ビーチバレーは12年ロンドン五輪、リオ五輪で最も観客動員数が多かった。米国のフィル・ダルハウザー(41)は言う。
「いつもはたくさん観客がいて音楽が流れ、パーティーのような雰囲気の中でプレーします。無観客はとても残念で悲しい」
■「自粛」掲げる横で観戦
連覇がかかっていた体操女子個人総合を欠場したシモーン・バイルス(24)=米国=も、精神面の不調の理由の一つとして「無観客」を挙げていた。
一方、隣の会場のトライアスロン。バイク(自転車)とランは公道を走るため、駆け付けた人たちがたくさんいた。小3の長男と小1の長女を連れて観戦に訪れた横浜市の会社員男性(43)は興奮気味に言う。

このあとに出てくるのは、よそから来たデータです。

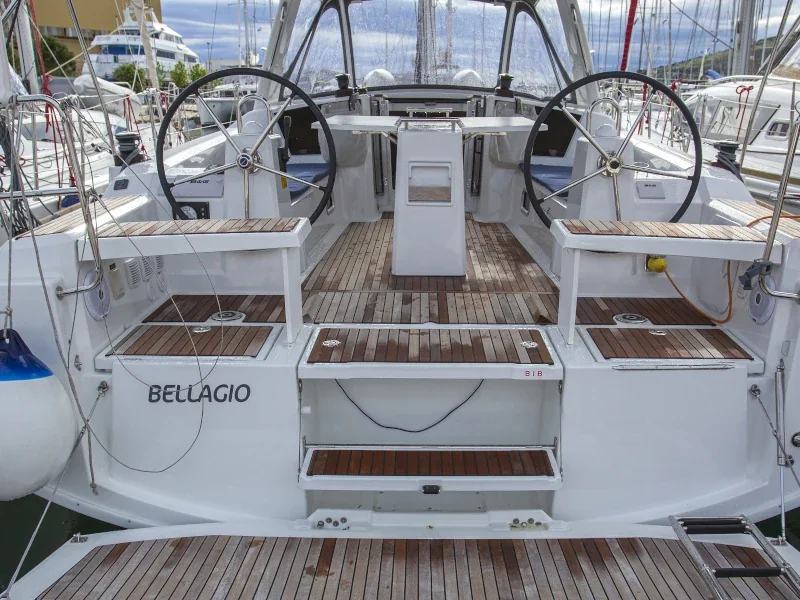 Yacht BENETEAU Oceanis 38.1 - Bellagio - Foto 1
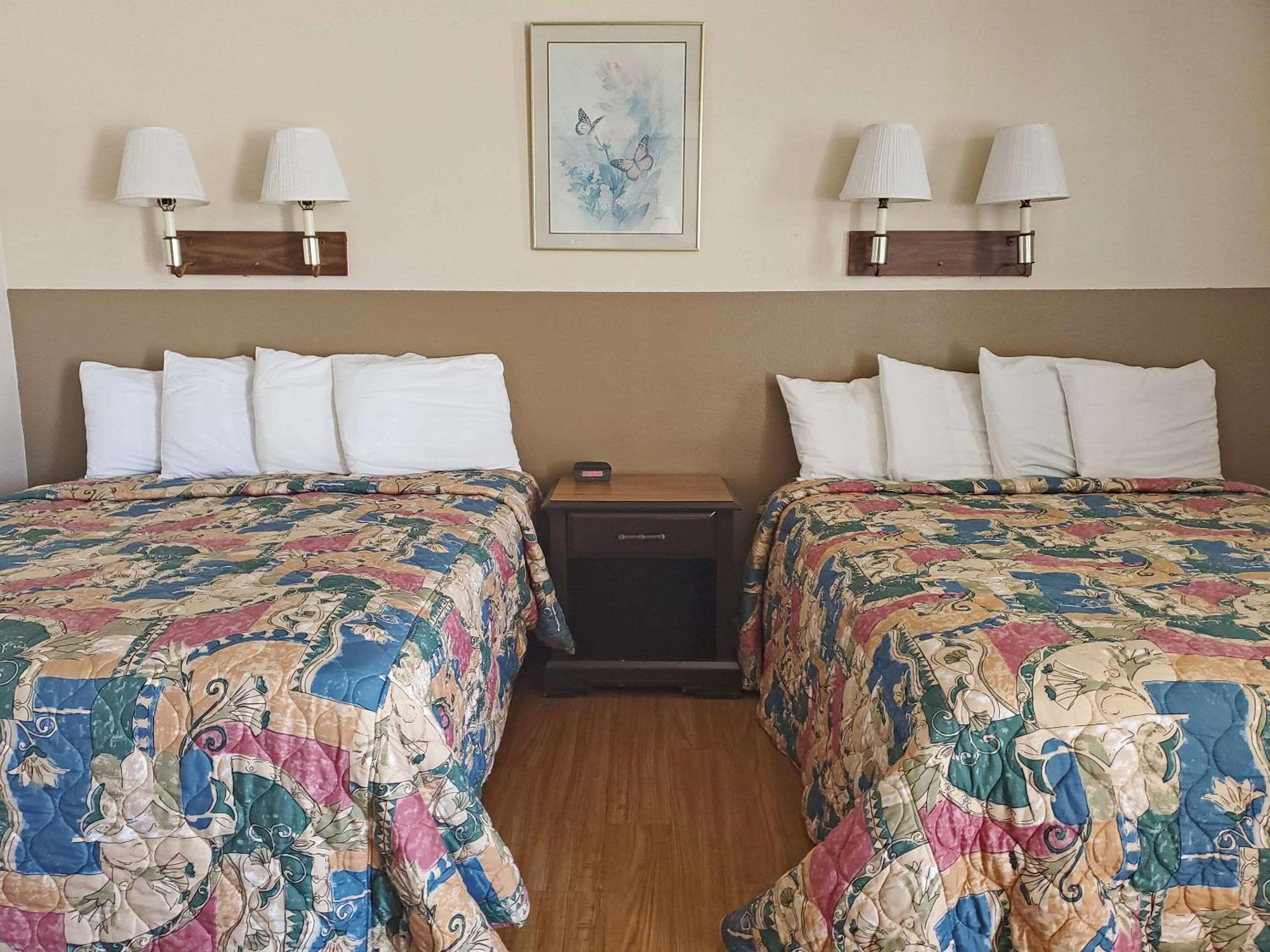 Rodeway Inn Buffalo Ngoại thất bức ảnh
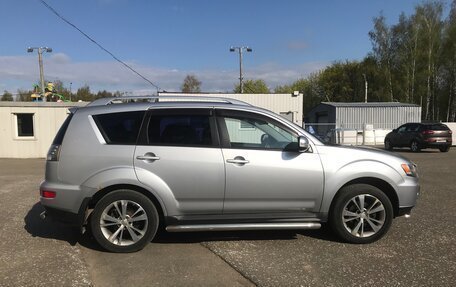 Mitsubishi Outlander III рестайлинг 3, 2010 год, 859 000 рублей, 4 фотография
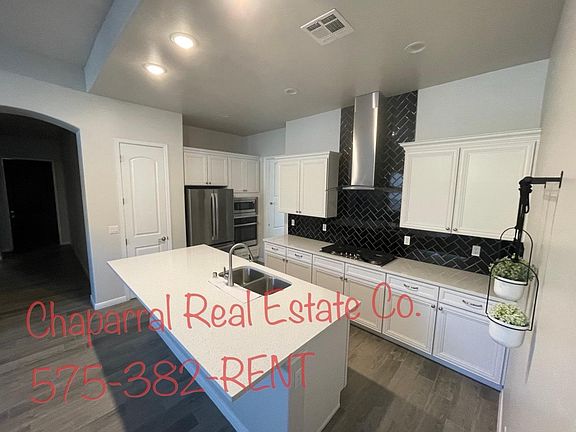 4th image of 3725 Santa Clarita Ave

「間近で見る競技はものすごい迫力。開催が決まったときから、子どもと一緒に見たいと思っていた。何枚かチケットを購入できたけど無観客になってしまったので、見られるものを探して今日ここに来ました」
沿道には数十メートルおきに「観戦自粛」を呼び掛けるプラカードを持った人が立っていた。効果はあまりなかったようだ。交通整理の男性ボランティアは「自粛であって禁止ではないので観戦をやめるようには言えません」と困っていた。